32      Esta conclusão impõe‑se por maioria de razão quando a regulamentação nacional que justifica a renovação de contratos a termo em caso de substituição temporária prossegue igualmente objetivos reconhecidos como sendo objetivos legítimos de política social. Com efeito, como resulta do n.° 27 do presente acórdão, o conceito de razão objetiva que figura no artigo 5.°, n.° 1, alínea a), do acordo‑quadro CTT engloba a prossecução de tais objetivos.

33      Como resulta da jurisprudência do Tribunal de Justiça, medidas com vista a proteger a gravidez e a maternidade, bem como a permitir aos homens e às mulheres conciliar as suas obrigações profissionais e familiares, prosseguem objetivos legítimos de política social (v., neste sentido, acórdãos de 17 de junho de 1998, Hill e Stapleton, C‑243/95, Colet., p. I‑3739, n.° 42, e de 18 de novembro de 2004, Sass, C‑284/02, Colet., p. I‑11143, n.os 32 e 33). A legitimidade desses objetivos é igualmente atestada pelas disposições da Diretiva 92/85 ou pelas do acordo‑quadro sobre a licença parental.

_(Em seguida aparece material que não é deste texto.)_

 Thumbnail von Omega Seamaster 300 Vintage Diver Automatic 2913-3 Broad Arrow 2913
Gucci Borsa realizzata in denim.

34      Todavia, deve sublinhar‑se que, se bem que a razão objetiva prevista por uma regulamentação nacional como a que está em causa no processo principal possa, em princípio, ser admitida, as autoridades competentes devem, como resulta do n.° 27 do presente acórdão, velar por que a aplicação concreta dessa razão objetiva, tendo em conta as particularidades da atividade em causa e as condições do seu exercício, seja conforme com as exigências do acordo‑quadro CTT. Quando da aplicação da disposição em causa do direito nacional, essas autoridades devem, portanto, estar em condições de destacar critérios objetivos e transparentes para verificar se a renovação desses contratos corresponde efetivamente a uma verdadeira necessidade e é de molde a atingir o objetivo prosseguido e necessária para esse efeito.

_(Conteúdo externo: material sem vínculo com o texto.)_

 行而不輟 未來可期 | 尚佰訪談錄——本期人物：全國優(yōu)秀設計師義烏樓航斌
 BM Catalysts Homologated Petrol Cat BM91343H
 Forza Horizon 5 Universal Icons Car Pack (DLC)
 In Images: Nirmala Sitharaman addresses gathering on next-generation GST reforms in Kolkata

35      No caso em apreço, a Comissão Europeia sustenta que a renovação repetida de uma relação de trabalho e a celebração de numerosos contratos a termo sucessivos, bem como a duração do período durante o qual o trabalhador em causa esteve já empregado no quadro de tais contratos, demonstram a existência de um abuso na aceção do artigo 5.° do acordo‑quadro CTT. Segundo a Comissão, a celebração de vários contratos a termo sucessivos, nomeadamente num período consideravelmente longo, tende a demonstrar que a prestação requerida do trabalhador em causa não constitui uma simples necessidade temporária.

36      A este propósito, deve recordar‑se que o Tribunal de Justiça julgou já no sentido de que a renovação de contratos e de relações laborais a termo para cobrir necessidades que têm, de facto, um caráter não provisório, mas, bem pelo contrário, permanente e durável, não é justificada na aceção do artigo 5.°, n.° 1, alínea a), do acordo‑quadro CTT (v., neste sentido, acórdão Angelidaki e o., já referido, n.° 103).

37      Com efeito, essa utilização dos contratos ou relações laborais a termo iria diretamente contra a premissa na qual se funda o acordo‑quadro CTT, a saber, de que os contratos de trabalho sem termo constituem a forma comum das relações de trabalho, mesmo que os contratos a termo constituam uma característica do emprego em certos setores ou para determinadas ocupações e atividades (v. acórdão Adeneler e o., já referido, n.° 61).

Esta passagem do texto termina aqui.